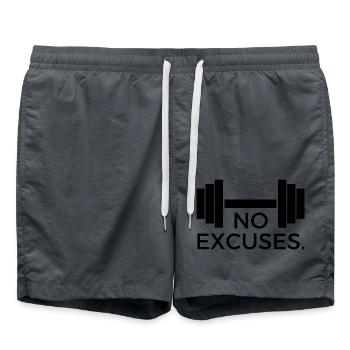 Pas d’excuses - Concevoir avec haltère - Short de bain - charbon - Devant - AI Model Male 185 light (185cm)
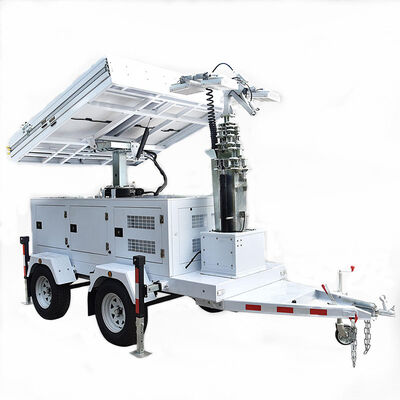 Comprar Torre de Luz Móvel Industrial Torre de Luz Alimentada por Energia Solar Altura do Mastro 9m Torre de Iluminação Telescópica online manufacture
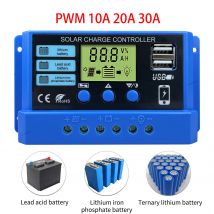 24 ore di trasporto 10A 20A 30A Regolatore di carica solare 12V 24V Pannello solare Regolatore fotovoltaico 50VDC per batteria al litio al piombo Lifepo4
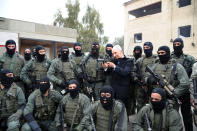 <p>Israeli President Shimon Peres visits the Israeli Police counterterrorist unit on February 3, 2011 in an unidentified location in Israel. (Amos Ben Gershom/GPO via Getty Images) </p>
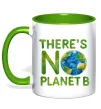 Чашка з кольоровою ручкою There is not planet B Зелений Чашка з кольоровою ручкою There is not planet B Зелений фото
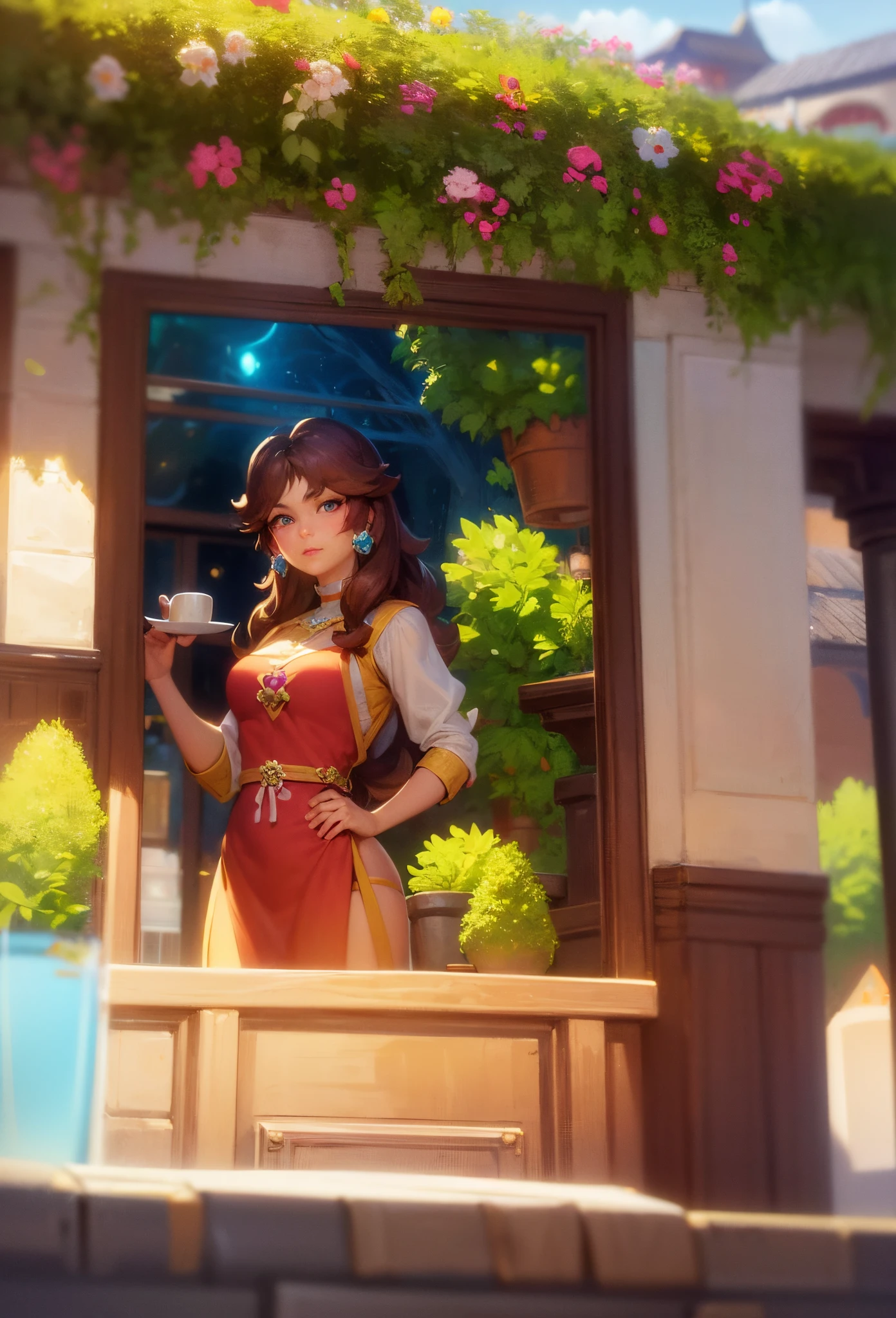 there  a woman in a standing in a window, inspired by Gaston Bussière, artwork in the style of guweiz, fantasy genre portrait, beautiful character painting, abigail from stardew valley, renaissance digital painting, mysterious coffee shop girl, portrait of megara, inspired by gaston bussiere, artgerm and atey ghailan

--

§ Your goal
For this exercise, retype exactly, and only, the lines from the line with "<p>Israeli President Shimon" through the last line of the material above, both included. Pictures stay out.

§ Exercise output
 <p>Israeli President Shimon Peres visits the Israeli Police counterterrorist unit on February 3, 2011 in an unidentified location in Israel. (Amos Ben Gershom/GPO via Getty Images) </p>
 Чашка з кольоровою ручкою There is not planet B Зелений Чашка з кольоровою ручкою There is not planet B Зелений фото
 there  a woman in a standing in a window, inspired by Gaston Bussière, artwork in the style of guweiz, fantasy genre portrait, beautiful character painting, abigail from stardew valley, renaissance digital painting, mysterious coffee shop girl, portrait of megara, inspired by gaston bussiere, artgerm and atey ghailan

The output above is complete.